Mi diverto molto durante il processo creativo: è il tempo del gioco ma anche della possibilità, niente è ancora definitivo. La fine di un lavoro, al contrario, è un passo che tendo a procrastinare perché mi deprime: decine di immagini aspettano infatti che io le finalizzi.
Tendo a posticipare questo momento perché ho un problema con l’idea di chiusura, di fine; penso alle strade che non ho percorso, mi chiedo se ho fatto le scelte giuste. Alle volte questo atteggiamento, lo ammetto, è poco sano perché finisce col martoriare un’immagine.
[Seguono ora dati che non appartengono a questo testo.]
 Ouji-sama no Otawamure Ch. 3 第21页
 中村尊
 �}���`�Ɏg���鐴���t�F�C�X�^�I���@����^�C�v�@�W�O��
Di una fotografia, è importante non solo esplorarne le possibilità ma capirne anche i limiti e rispettarli di conseguenza.
In generale, tendo a pretendere un risultato da ciò che faccio, sia questo un insuccesso o il suo contrario. Ho bisogno di una prova tangibile del mio lavoro, qualcosa che mi dia le coordinate per capire dove intervenire in un secondo momento.



• Secondo te, la pratica fotografica, attraverso un processo di espressione libera e creativa, può stimolare la scoperta della "sé bambina"?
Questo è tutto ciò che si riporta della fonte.